Snow White: already so much talk about Malick and Monteiro (mainly herehere and here) and only now I realized that there was still a great deal to explore regarding this shared image for mother cinema. After all, the Portuguese director did a film under such title, one in which he quite explicitly identifies with the prince. We have talked about this complex and overall underestimated adaptation of Robert Walser more than once (briefly discussed here and here). Let us go back to the question of sleep.
Rolfe looking at his wife (The New World), mother as Snow White (The Tree of Life), Neil looking at Marina (To the Wonder). 

A man admiring a sleeping woman appeared already in The New World and would appear once more in To the Wonder. This late interest for sleeping beauties seems hardly incidental. It deserves one more post (the first look to the subject departed from the representation of feet).

The Mirror: a famous image of a sleeping woman alluded to in The Tree of Life.

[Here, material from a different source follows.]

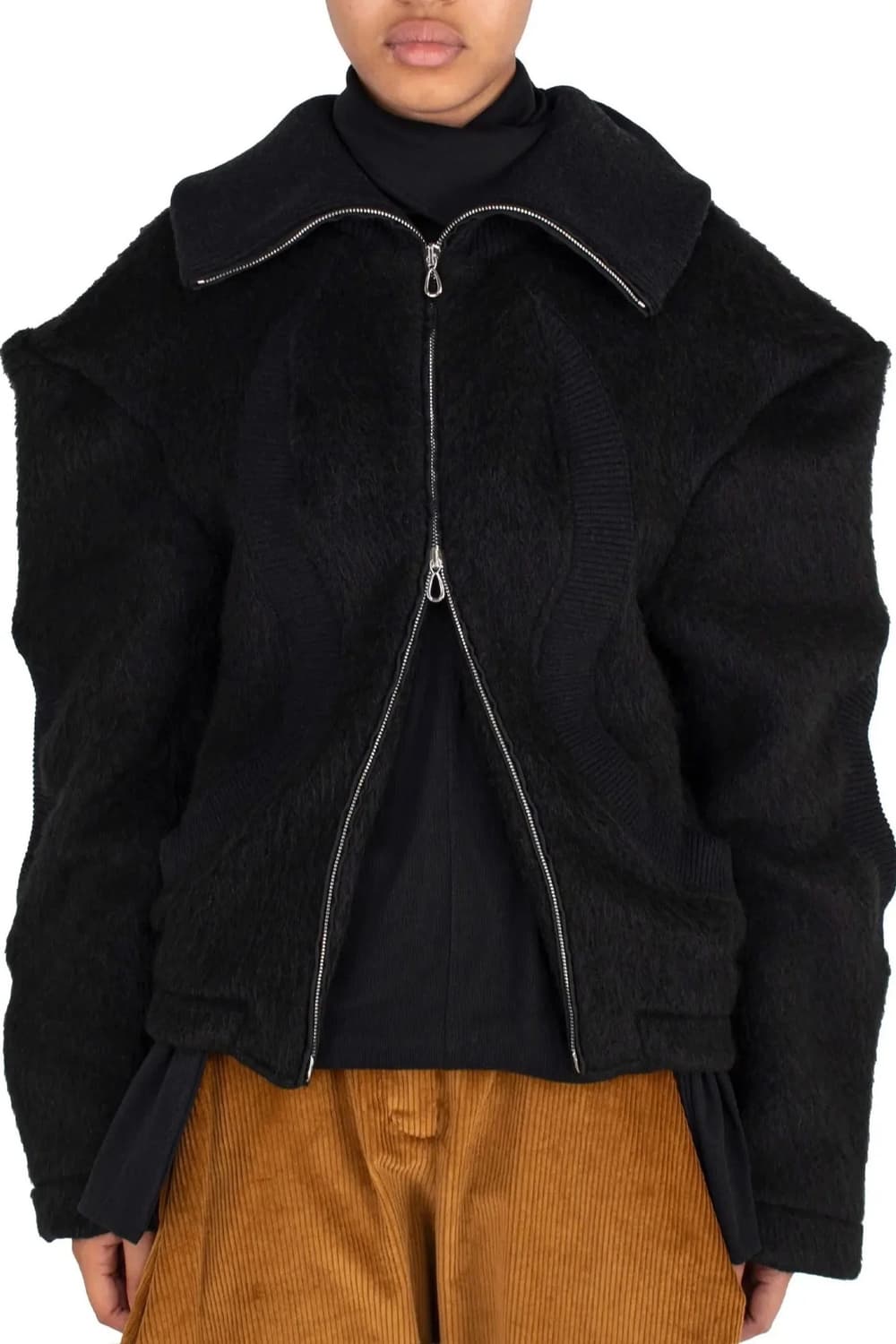 KIKO KOSTADINOV Bounty Jacket 상품이미지1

Sleep in Monteiro assumes diverse forms. In Silvestre (1981) a girl is drugged in order to be raped by the pilgrim, vagabond. In God’s Comedy (1995), the girl is under some sort of hypnosis (Monteiro is often and correctly described as a hypnotizer) as the director/actor plays the maestro under the sound of Tristan and Isolde (between other things, a musical choice closely associated with Buñuel). There is Snow White (2000), a kind of sleep of cinema, where the very poet is shown among the (white) snow, sleeping the sleep of death (Hypnos and Thanatos are brothers). And, of course, there is the dead wife of Come and Go (2003, Vuvu says she was asleep), who is related by Monteiro himself to Snow White/Hortense/cinema, as we have seen (here).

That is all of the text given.